**Required work**
Exactly the lines from the line that has "BAVIN BA61 TWS" through the final line below are to be retyped, and the pictures are not.

**Extracted records**
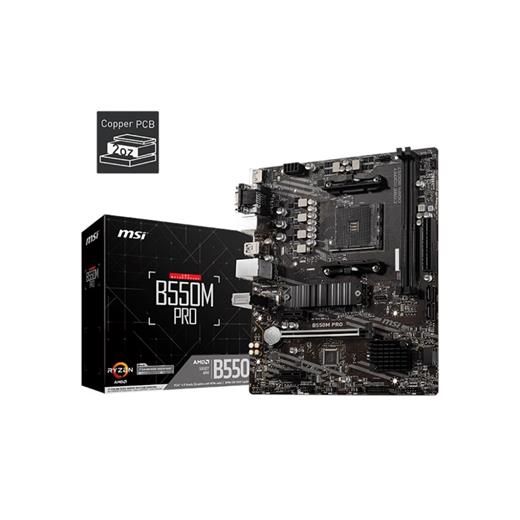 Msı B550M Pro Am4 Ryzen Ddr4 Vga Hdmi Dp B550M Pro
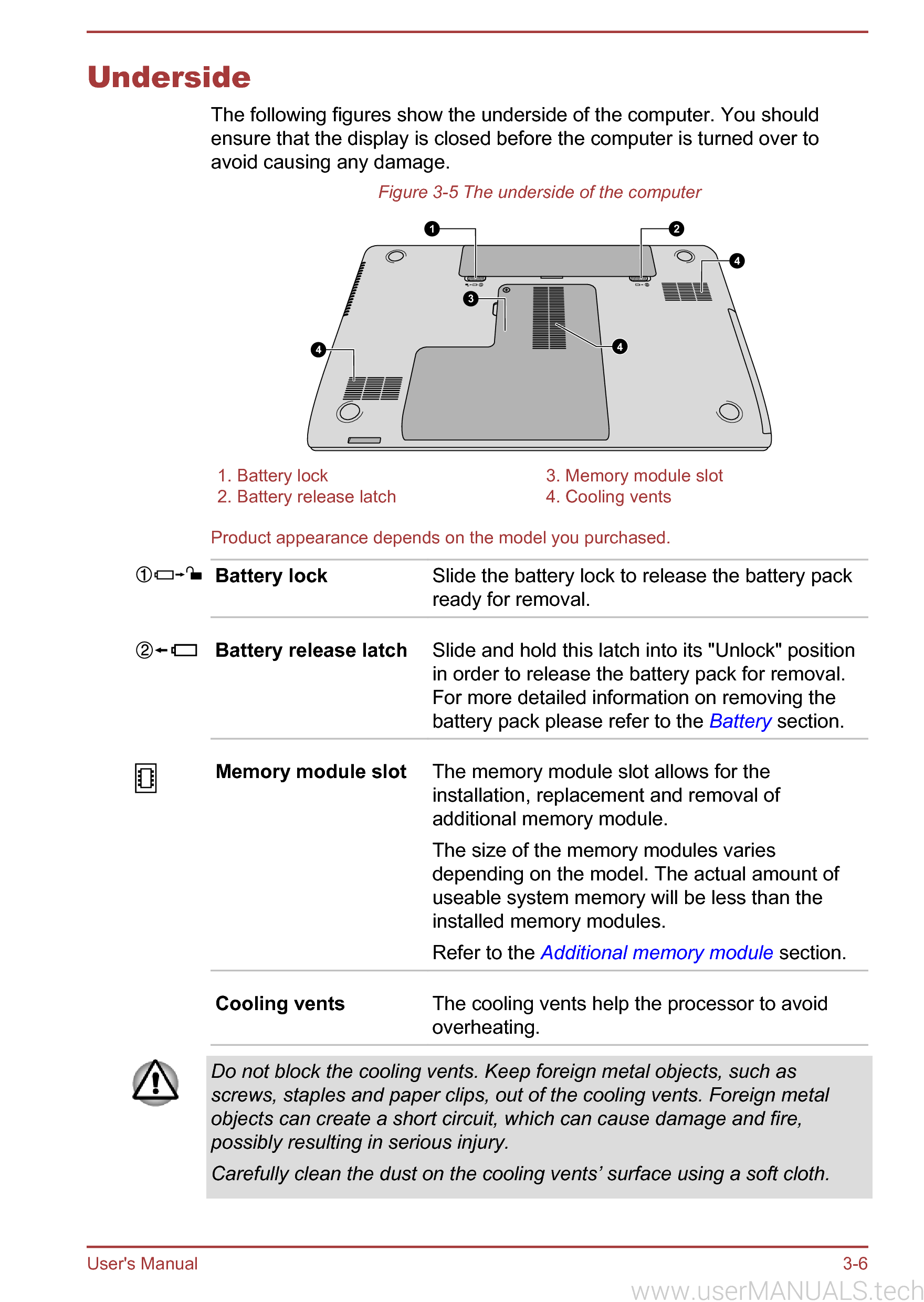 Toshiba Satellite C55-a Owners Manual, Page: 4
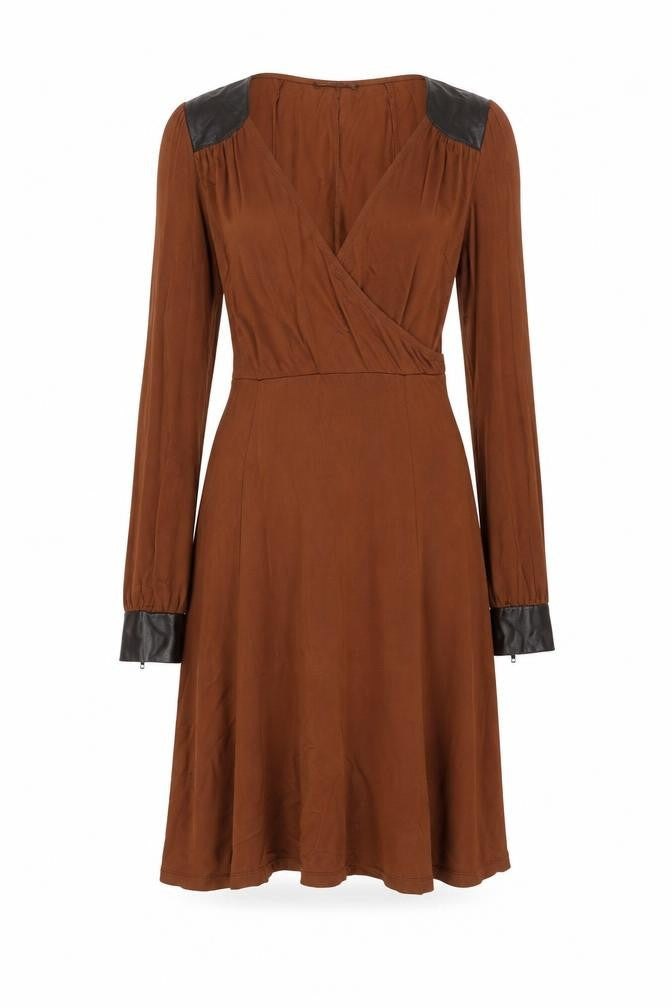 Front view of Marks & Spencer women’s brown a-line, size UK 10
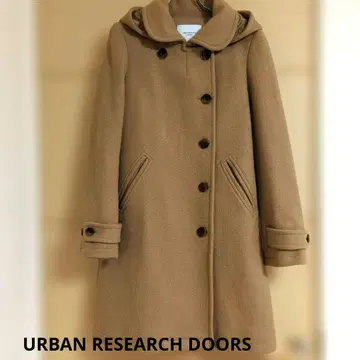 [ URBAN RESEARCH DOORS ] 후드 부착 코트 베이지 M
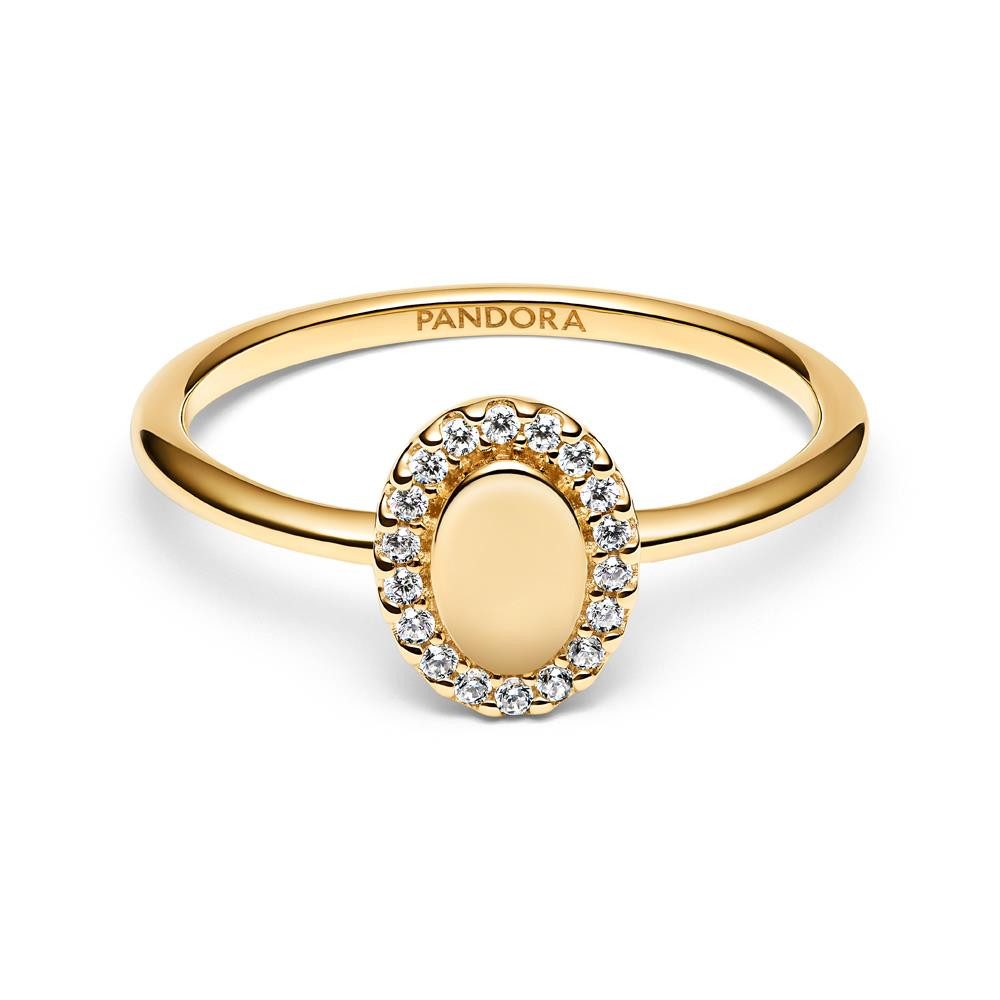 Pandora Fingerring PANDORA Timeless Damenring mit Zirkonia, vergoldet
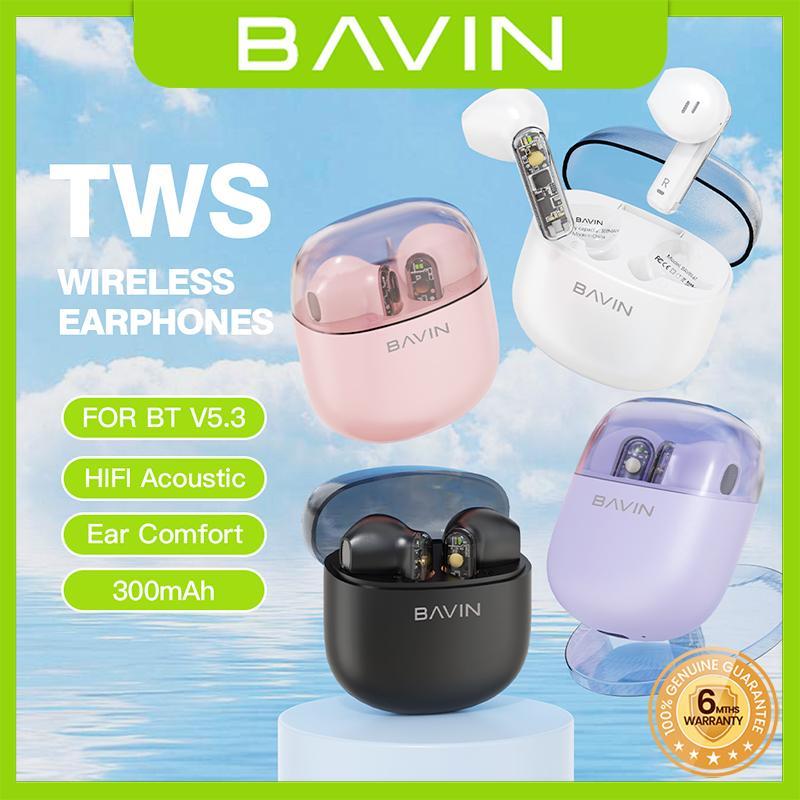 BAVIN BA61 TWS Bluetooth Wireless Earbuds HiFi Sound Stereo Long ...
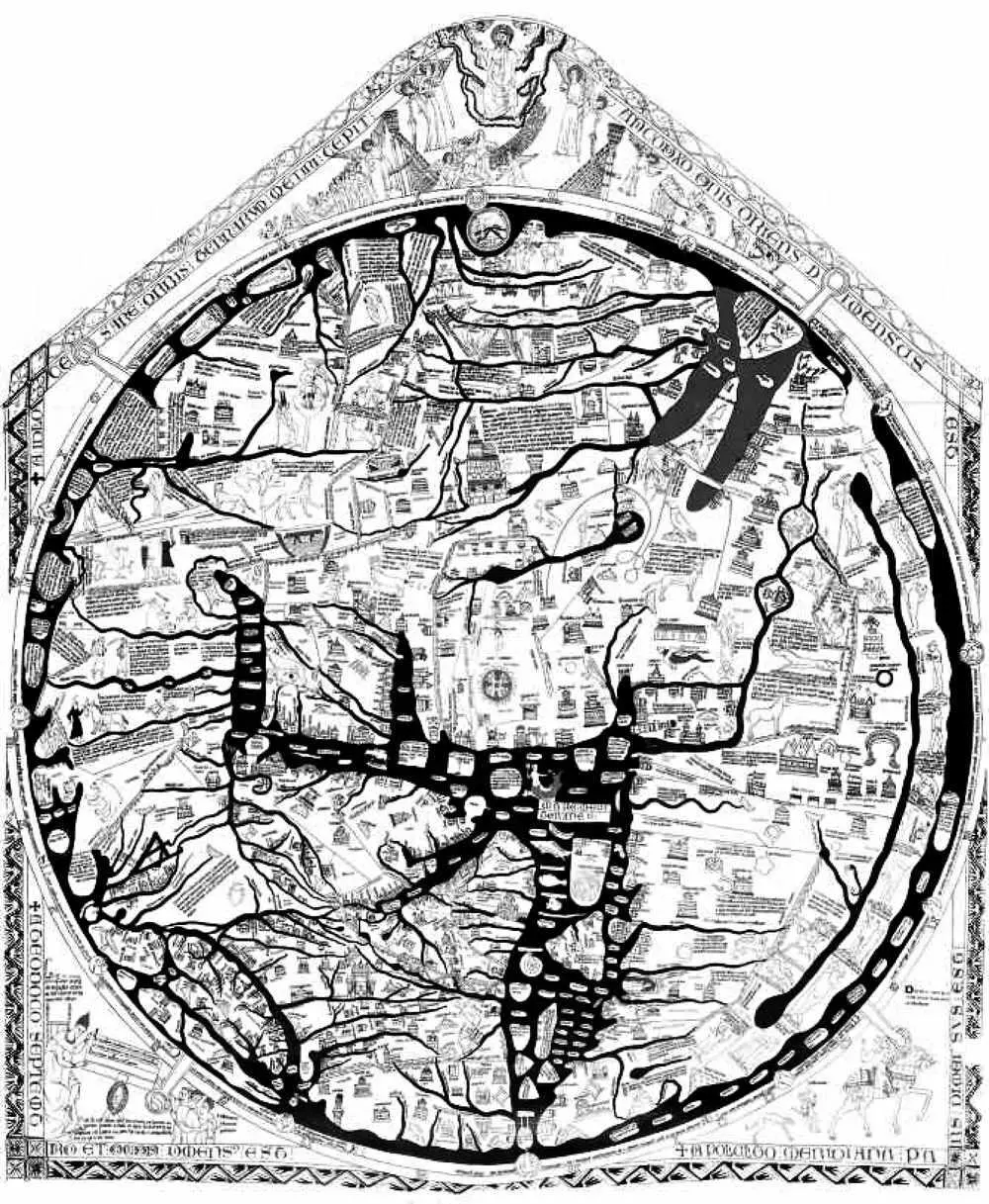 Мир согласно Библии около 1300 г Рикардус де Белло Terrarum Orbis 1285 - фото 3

**Solution for this task**
 BAVIN BA61 TWS Bluetooth Wireless Earbuds HiFi Sound Stereo Long ...
 Мир согласно Библии около 1300 г Рикардус де Белло Terrarum Orbis 1285 - фото 3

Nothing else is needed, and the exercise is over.